China's factory activity in October expanded at a slower pace as new orders and output both fell amid tariff concerns, a private-sector survey showed on Monday.

Last week, official data showed that China's factory activity shrank for a seventh month in October, falling to 49.0 in October from 49.8 in September and remaining below the 50 mark separating growth from contraction due to a drop in new export orders.

Iron ore prices are expected to remain bearish, with weakening steel demand, increasing domestic inventory since the third quarter and accelerating imported iron ore supply, said Chinese broker Galaxy Futures.

Analysts from ANZ said that while Hebei, a major steelmaking province in China, has reissued an environmental protection alert, the measures remain focused on sintering operations and have yet to affect blast furnace activity, limiting the impact on iron ore demand.
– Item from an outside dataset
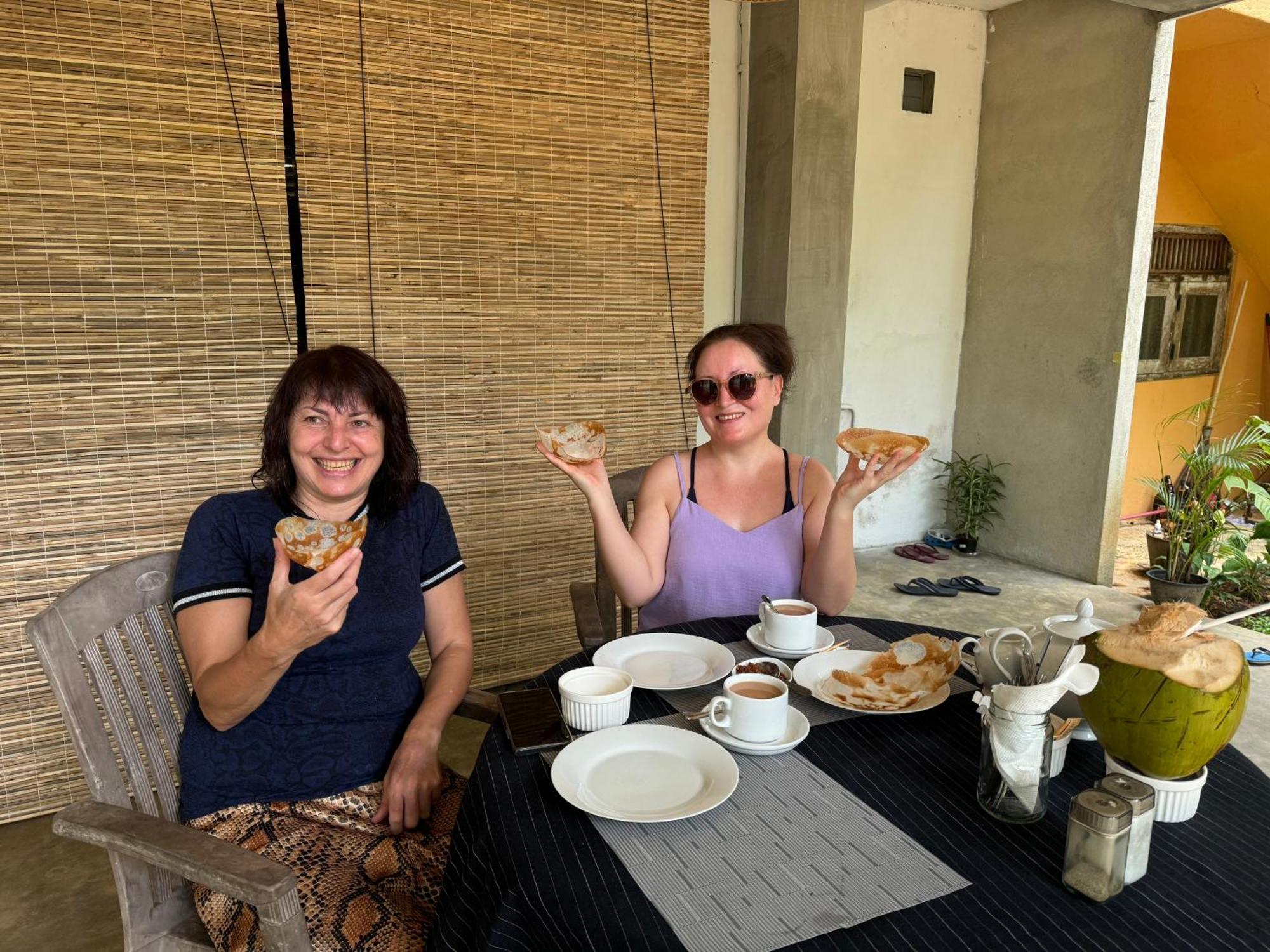 Brinkhouse Guesthouse , Unawatuna Beach エクステリア 写真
Still, "China's top property developers increased land acquisitions in the first 10 months of 2025, highlighting a cautious rebound in the real estate sector as some developers step up investments amid ongoing financial pressures," Chinese consultancy Mysteel said in a note.

Other steelmaking ingredients on the DCE lost ground, with coking coal and coke down 0.8% and 0.3%, respectively.

Steel benchmarks on the Shanghai Futures Exchange all declined. 

Rebar eased 1.4%, hot-rolled coil slid 1.2%, wire rod fell 0.1% and stainless steel dipped 0.4%.